Sunday, February 25, 2007

Urgent humanitarian need in Papua

http://www.thejakartapost.com/yesterdaydetail.asp?fileid=20070224.F05
Opinion and Editorial
February 25, 2007

When Indonesia faces disasters which it cannot physically or financially deal with, such as the tsunami that ravaged Aceh, it looks to the international community for support, and that support is willingly given.

In the case of Australia, we send our most able disaster experts and medical teams to assist Indonesia immediately and unquestioningly. Tragically the lives of nine young Australian air force medical personnel were lost in the Nias rescue effort.

Now Papua is in need. Due to the current military operation underway in Puncak Jaya, thousands have been forced to flee their villages, to seek refuge away from their food gardens and now face critical shortages. A human, man-made tragedy rather than a natural disaster, despite Puncak Jaya being a relatively short distance from the world's most lucrative gold and copper mine, the U.S.-owned PT Freeport, and at the same time as flood-borne disease spreads in the republic's own heartland.

Yet in Papua, the international community is quarantined, prevented from providing humanitarian assistance and emergency food and medical supplies. Why is this so? How many will die because of Jakarta's intransigence?

According to the WHO's latest report on Indonesia, released recently, Papua now has a 2 percent HIV prevalence in the general community, a rate 20 times higher than the rest of Indonesia. Since the early 1990s, warnings of an impending AIDS pandemic in the indigenous population were ignored. Some believe it was deliberate policy to assist in Papua's depopulation.
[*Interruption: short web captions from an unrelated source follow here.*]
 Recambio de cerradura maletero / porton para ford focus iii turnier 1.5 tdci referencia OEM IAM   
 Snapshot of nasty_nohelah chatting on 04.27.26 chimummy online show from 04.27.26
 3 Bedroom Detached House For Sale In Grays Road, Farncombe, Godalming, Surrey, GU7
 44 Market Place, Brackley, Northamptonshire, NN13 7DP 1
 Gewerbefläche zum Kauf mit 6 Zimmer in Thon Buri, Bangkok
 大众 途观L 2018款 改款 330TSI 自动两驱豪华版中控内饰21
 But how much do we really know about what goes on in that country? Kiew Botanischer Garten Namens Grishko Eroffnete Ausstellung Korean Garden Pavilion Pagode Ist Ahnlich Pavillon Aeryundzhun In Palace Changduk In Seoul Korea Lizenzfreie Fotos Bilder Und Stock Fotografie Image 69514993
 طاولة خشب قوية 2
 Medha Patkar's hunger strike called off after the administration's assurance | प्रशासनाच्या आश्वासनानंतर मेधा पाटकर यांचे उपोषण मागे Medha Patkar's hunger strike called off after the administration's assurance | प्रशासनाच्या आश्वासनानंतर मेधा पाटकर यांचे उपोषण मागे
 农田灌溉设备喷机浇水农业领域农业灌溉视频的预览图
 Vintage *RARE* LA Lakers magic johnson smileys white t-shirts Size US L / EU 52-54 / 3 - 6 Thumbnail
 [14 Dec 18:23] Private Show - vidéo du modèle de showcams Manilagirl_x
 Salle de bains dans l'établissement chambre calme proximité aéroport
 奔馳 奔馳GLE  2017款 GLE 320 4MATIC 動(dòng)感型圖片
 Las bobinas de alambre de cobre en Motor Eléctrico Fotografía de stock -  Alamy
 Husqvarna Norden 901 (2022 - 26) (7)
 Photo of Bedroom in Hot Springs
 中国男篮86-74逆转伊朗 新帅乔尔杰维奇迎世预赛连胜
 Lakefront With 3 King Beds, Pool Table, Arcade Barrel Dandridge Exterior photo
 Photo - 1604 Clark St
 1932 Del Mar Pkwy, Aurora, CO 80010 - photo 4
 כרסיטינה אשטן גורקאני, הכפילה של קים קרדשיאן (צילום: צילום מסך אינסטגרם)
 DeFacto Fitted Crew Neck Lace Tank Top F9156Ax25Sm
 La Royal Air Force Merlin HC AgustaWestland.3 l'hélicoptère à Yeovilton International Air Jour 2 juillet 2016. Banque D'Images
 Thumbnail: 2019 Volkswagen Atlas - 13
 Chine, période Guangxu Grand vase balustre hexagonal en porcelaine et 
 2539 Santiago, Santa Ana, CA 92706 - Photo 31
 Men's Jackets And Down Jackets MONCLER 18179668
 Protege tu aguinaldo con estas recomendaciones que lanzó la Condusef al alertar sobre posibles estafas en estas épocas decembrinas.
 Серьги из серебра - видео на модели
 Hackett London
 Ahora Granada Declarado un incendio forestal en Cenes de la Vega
While this claim is officially denied, illegal brothels, many linked to the security forces, continue to operate without clinical oversight and employ HIV-infected migrant prostitutes.

The arrival of bird flu in Papua last year was, though predicted, not prevented. There remain no effective quarantine measures at ports where the majority of migrants, livestock and produce enter Papua from other islands, mainly Java and Sulawesi.

Now the international community is again asking why Indonesia does not put the well-being of the indigenous Papuan population first, but is repeatedly told that Papua's problems are an "internal affair" which only Jakarta can solve in a "peaceful and just manner".

The usual rerun of Jakarta's defensive stance, that international attention focused on Papua's troubles is a conspiracy which threatens Indonesian sovereignty, is boring, outdated and irrelevant in the face of these crises. To continue to restrict access to this troubled place denies the reality of the magnitude of the problems facing the Papuan people.